Eğitim Sen'den OHAL Komisyonu'nun Barış Akademisyenleri kararına tepki
Eğitim Sen, Barış Akademisyeni üyelerinin göreve dönüşlerini sürüncemede bırakarak başvurularının OHAL Komisyonu tarafından reddedildiğini söyledi.
Eğitim Sen, Barış Akademisyeni üyelerinin göreve dönüşlerinin 5 yıl boyunca sürüncemede bırakılmasının ardından başvurularının iptal edildiğini duyurdu.
Konuyla ilgili basın açıklaması Eğitim Sen İstanbul 6 No’lu Üniversiteler şubesi tarafından yapıldı.
Şubelerinden OHAL KHK’ları ile hukuksuz bir şekilde 63 üyenin ihraç edildiğini belirten Şube Başkanı Beyzade Sayın, komisyonun 9 üyeye kabul, 50 üyeye ret ve 4 üyenin kararanın herhangi bir sonuca bağlanmadığını söyledi.
“KAYYUMLAR ÜNİVERSİTELERİ TEHDİT EDİYOR”
Siyasi iktidardan aldığı talimatlarla akademik usulleri ihlal eden kayyum rektörlerin, üniversite ve üniversite emekçilerinin geleceğini tehdit etmeye devam ettiğini söyleyen Sayın, “Akademik özgürlüklere ve üniversitelerin özerkliğine yönelik saldırılar durmaksızın sürerken üniversitelerimiz, idari ve teknik personel, akademik kadro ve öğrenci profili bakımından ciddi nitelik kaybı yaşıyor. Bu sadece bizim üyelerimizin değil, iş güvencesini, akademik özgürlüğü, üniversite özerkliğini ve bilimsel çalışmaların bağımsızlığını, içinde yaşadığı toplumun refahını ve geleceğini umursayan herkesin meselesidir” dedi.

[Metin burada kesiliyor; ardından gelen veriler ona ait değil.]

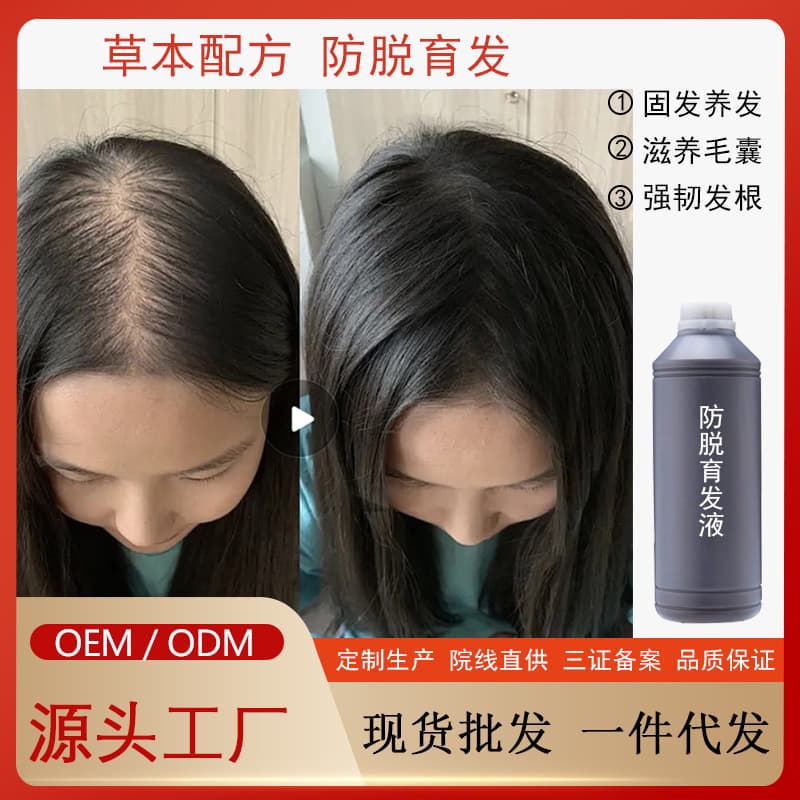 Hair Growth Serum, Hair Regrowth Treatment, Hair Density Nutrient Solution, Follicle Repair, Strengthen Hair Roots, Hair Care, Anti-Hair Loss, Hair Growth Essence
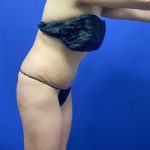 Tummy Tuck Before & After Patient #2997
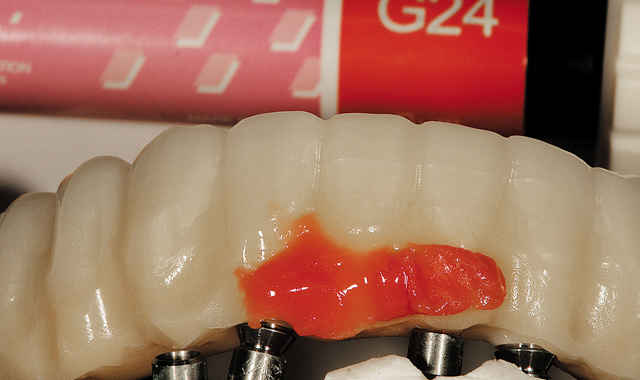 05 The author next applied ceramic composite, GC AmericaGradia #24 first, and then overlaid it with Gradia #23. The application was intended to imitate natural gum tissue for the patient in the mouth. The author next contoured and shaped the gum area. 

SİYASAL İKTİDAR 130 BİNDEN FAZLA KAMU ÇALIŞANININ GÖREVİNE SON VERDİ
15 Temmuz 2016’daki darbe girişiminin ardından ülke genelinde OHAL ilan edilmesiyle baskıların kitlesel bir kıyıma dönüştüğünü ifade eden Sayın, “Yasama ve yargı erkini de elinde toplayan siyasal iktidar, istisnai yetkilerle çıkardığı OHAL KHK’larıyla 130 bini aşkın kamu çalışanının görevine son verdi. 4.239 KESK üyesi de bu KHK listelerine eklenerek hukuksuz bir şekilde ihraç edildi. Bu ihraç kararları, haklarında mahkemeler tarafından verilmiş ve kamu görevinden çıkarılmalarını gerektiren herhangi bir mahkûmiyet kararı ya da disiplin soruşturmasına dayanmıyor; ayrıca konunun muhataplarına kendilerini savunma hakkı bile verilmedi. OHAL KHK’leri, ihraç edilen kamu görevlilerinin, özel yaşam, aile yaşamı, seyahat, çalışma, sosyal güvenlik ve benzeri birçok yurttaşlık haklarından mahrum edilmelerine yol açtı” diye konuştu.

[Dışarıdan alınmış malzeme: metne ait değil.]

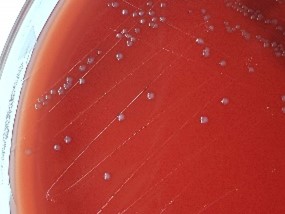 Colonias de Streptococcus suis de Joe Rubin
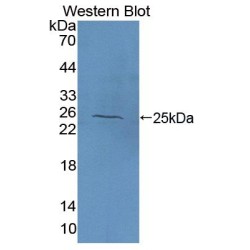 N-Acetylgalactosaminidase Alpha (NAGA) Antibody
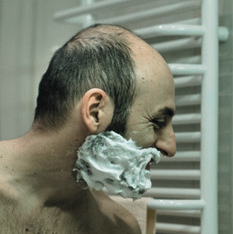 hair loss client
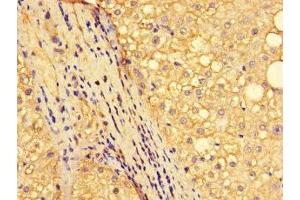 Immunohistochemistry of paraffin-embedded human liver cancer using ABIN7161893 at dilution of 1:100 (NR1D1 抗体  (AA 246-558))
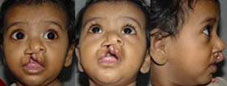 Type IV Extending beyond whiteroll involving the nose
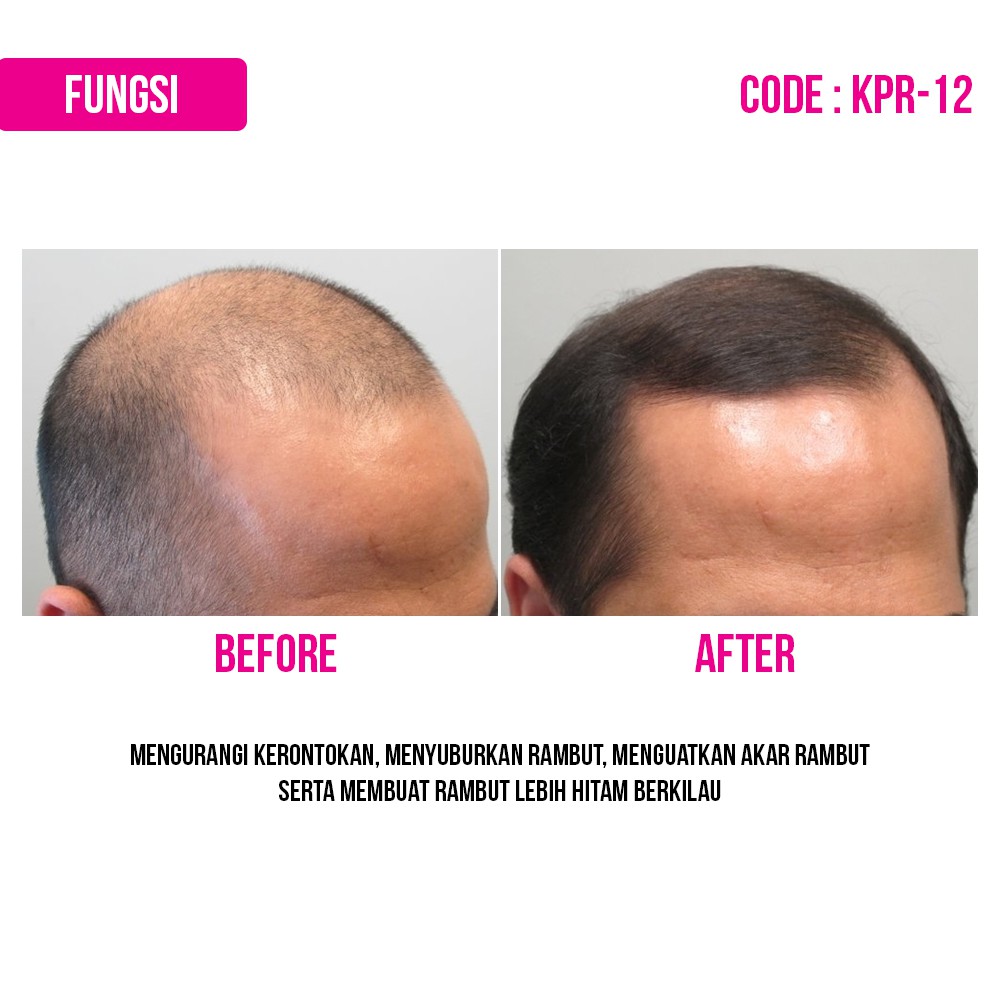 BMKS HAIR TONIC tonik spray kemiri pelurus penumbuh pemanjang penyubur perawatan penebal pelebat penghitam vitamin serum toner rambut botak dan rontok dan ketombe parah beruban care treatment penumbuh pelurus rambut cepat pria wanita permanen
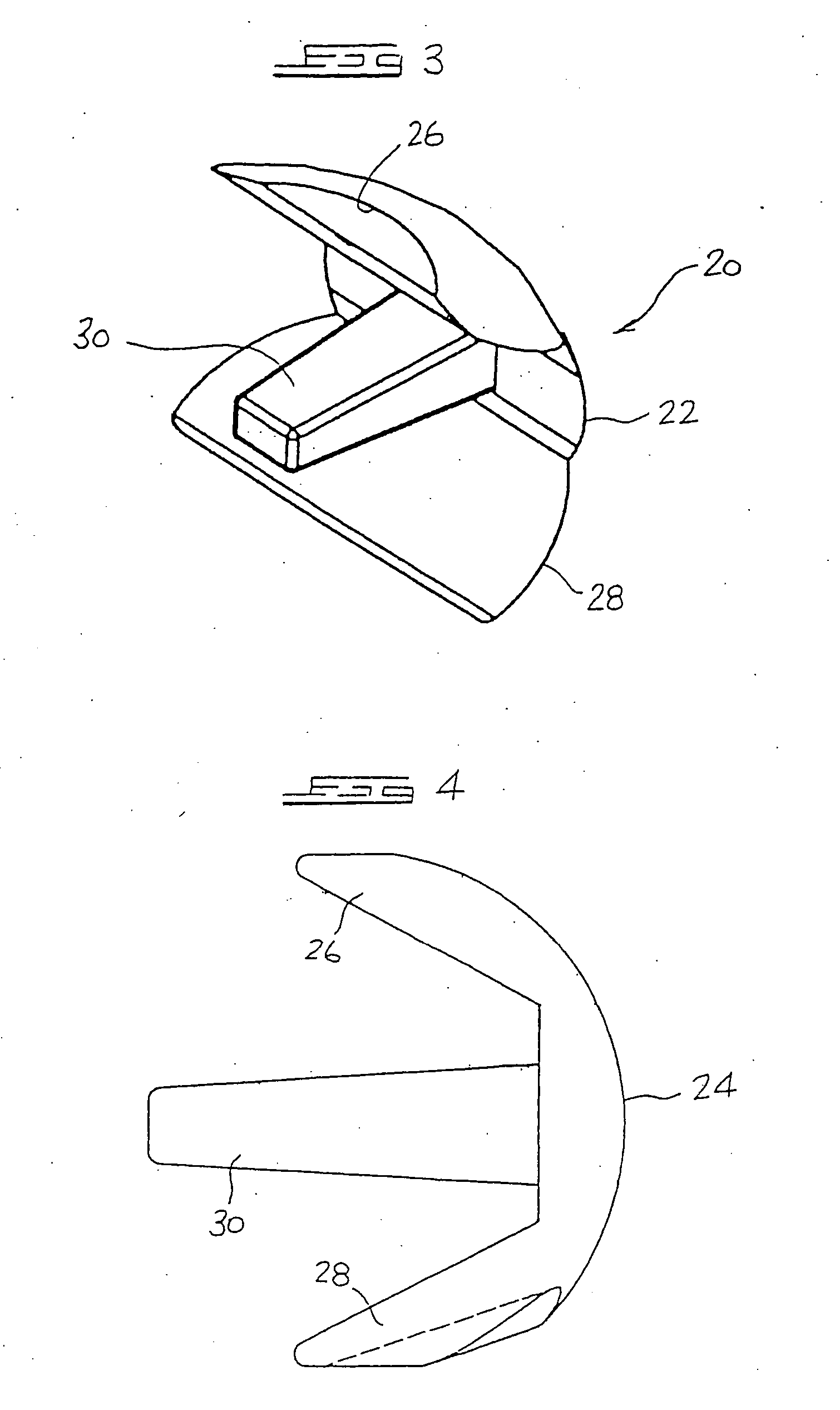 Arthroplasty implant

“BARIŞ AKADEMİSYENLERİ SADECE ANAYASAL HAKLARINI KULLANDIKLARI İÇİN CEZALANDIRILIYOR”
OHAL Komisyonu’nun Avrupa Konseyinin tavsiyesi üzerine kurulmuş olsa da yapısı ve işleyişiyle Avrupa Konseyinden çok uzakta olduğunu belirten Sayın, “Geçen zaman içinde Komisyon binlerce kamu görevlisinin uğradığı haksızlığı gidermek bir yana, bu haksızlıkları onaylayan kararlara imza attı. Gelinen noktada 6 yıllık oyalamanın sonunda üyelerimizin başvurularını reddederken, Anayasa Mahkemesi’nin, Barış Akademisyenlerin ifade özgürlüğü ve akademik özgürlüklere sahip çıkan 26 Temmuz 2019 tarihli kararını görmezden geldi. Bu karar gereğince yargılandıkları ceza davasından beraat eden Barış Akademisyenleri, sadece anayasal haklarını kullandıkları için resmen ve fiilen cezalandırılmaya devam etmektedirler.” açıklamalarında bulundu.

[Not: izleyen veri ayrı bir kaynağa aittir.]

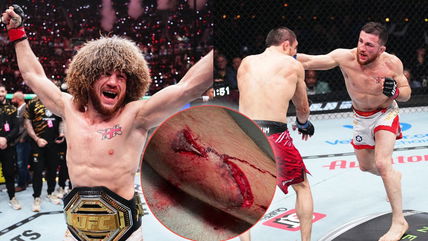 “He’s actually insane” – Merab Dvalishvili’s brutal injury that was hidden from California commission leaves fans in shock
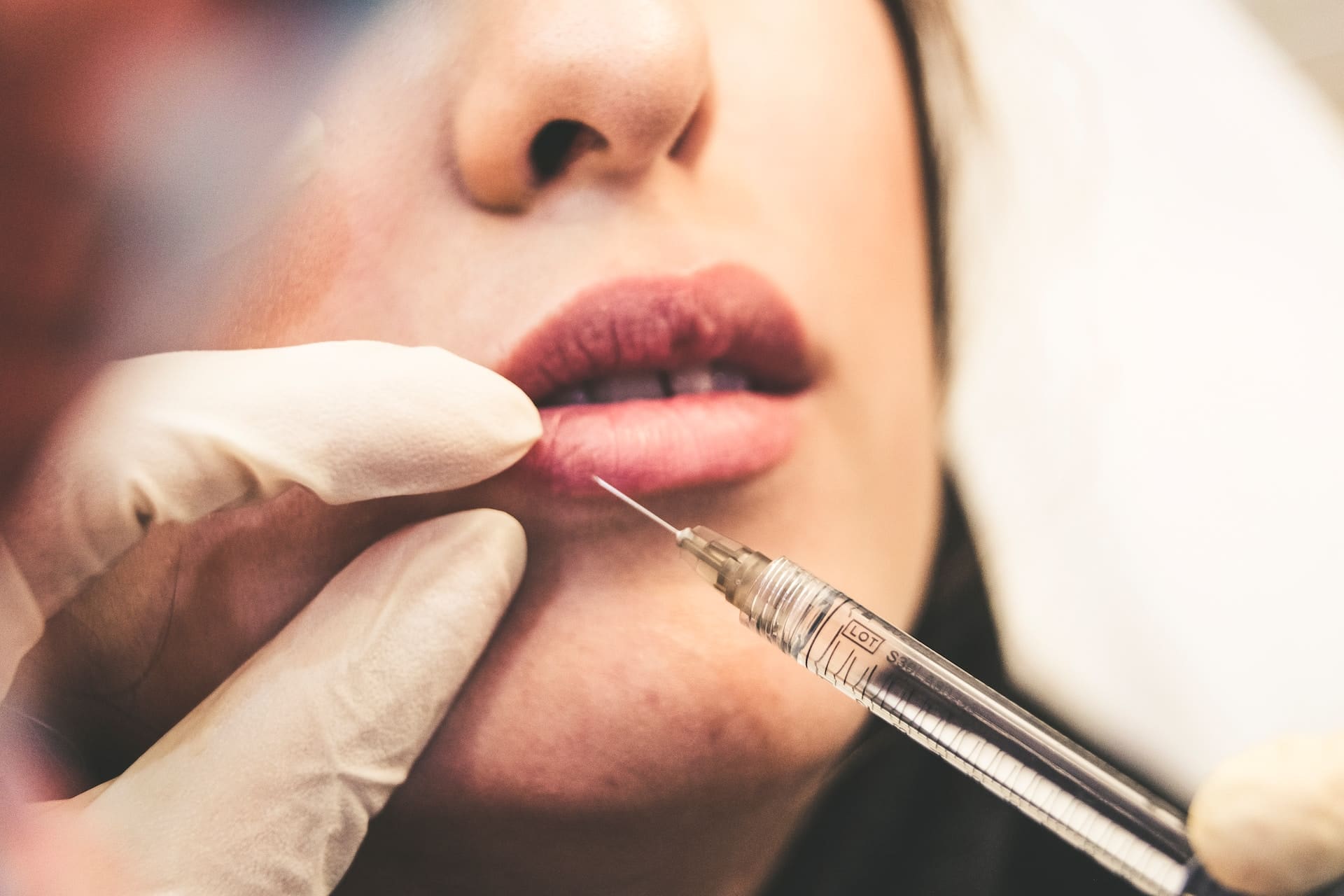 curso preenchimento labial gratuito curso preenchimento labial são paulo curso de preenchimento labial com caneta pressurizada curso preenchimento labial porto alegre curso de preenchimento com ácido hialurônico online curso preenchimento labial hotmart curso de preenchimento online curso de preenchimento avançado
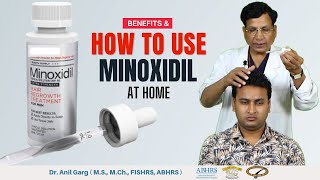 How to Use Minoxidil | Minoxdil Benefits | Stop Your Hair Loss Today!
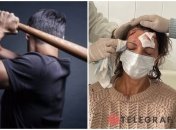 В ботсаду имени Гришко женщину шесть раз ударили битой по голове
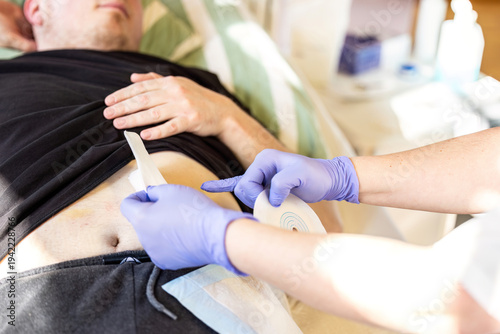 Nurse measuring ostomy baseplate size around patient stoma during ostomy care and medical treatment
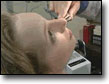 Sinusitis and Antibiotics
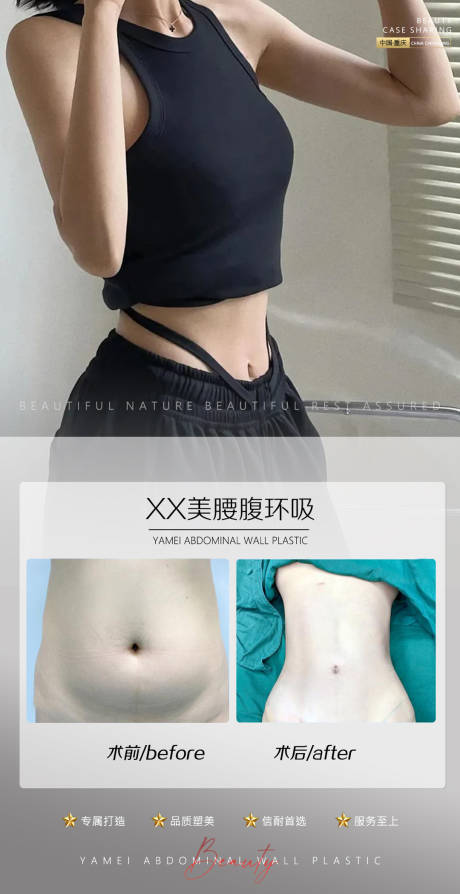 源文件下载【医美案例腰腹环吸海报】编号：99410011037607083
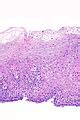 Glycogenic acanthosis of the esophagus - Libre Pathology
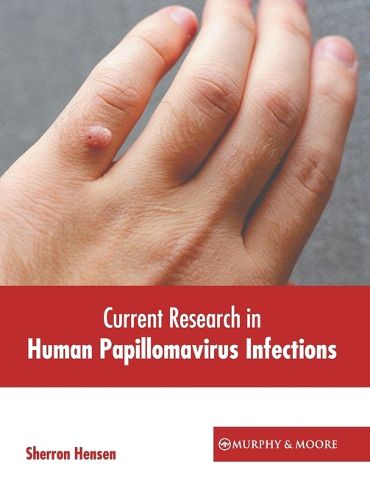 Cover image for Current Research in Human Papillomavirus Infections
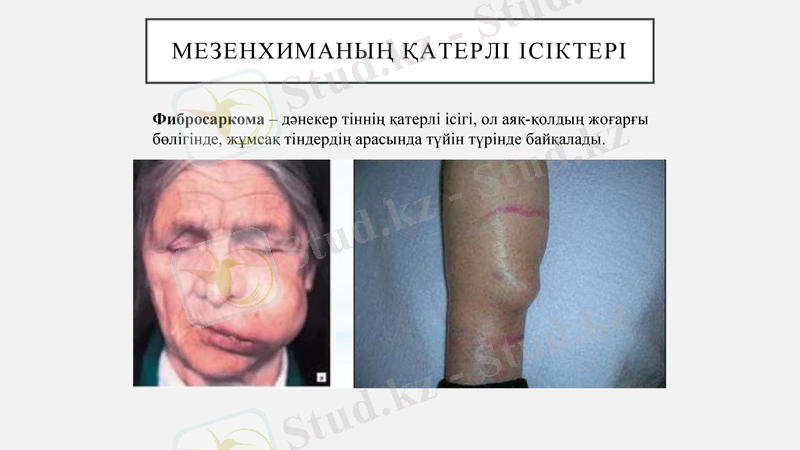 Slide 17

“OHAL KOMİSYONU'NUN KARARLARI HUKUKSUZDUR”
Anayasa’nın 153’üncü maddesini referans gösteren Sayın, “Anayasa Mahkemesi kararlarının bağlayacağını açıkça belirten Anayasa’nın 153’üncü maddesi ihlal ediliyor. Bu da Türkiye’nin anayasasızlaşma sürecinin derinleşerek devam ettiğini gösteriyor. Hukuksuz bir şekilde ihraç edilen üyelerimiz ve Yürütme Kurul üyemiz ihraçlarından bu yana geçen 6 yılda uğradıkları tüm haklarıyla birlikte görevlerine TBMM kararıyla iade edilmelidir. Sonuç olarak, OHAL Komisyonu'nun ret kararı da kabul kararı da hukuksuzdur” diye konuştu.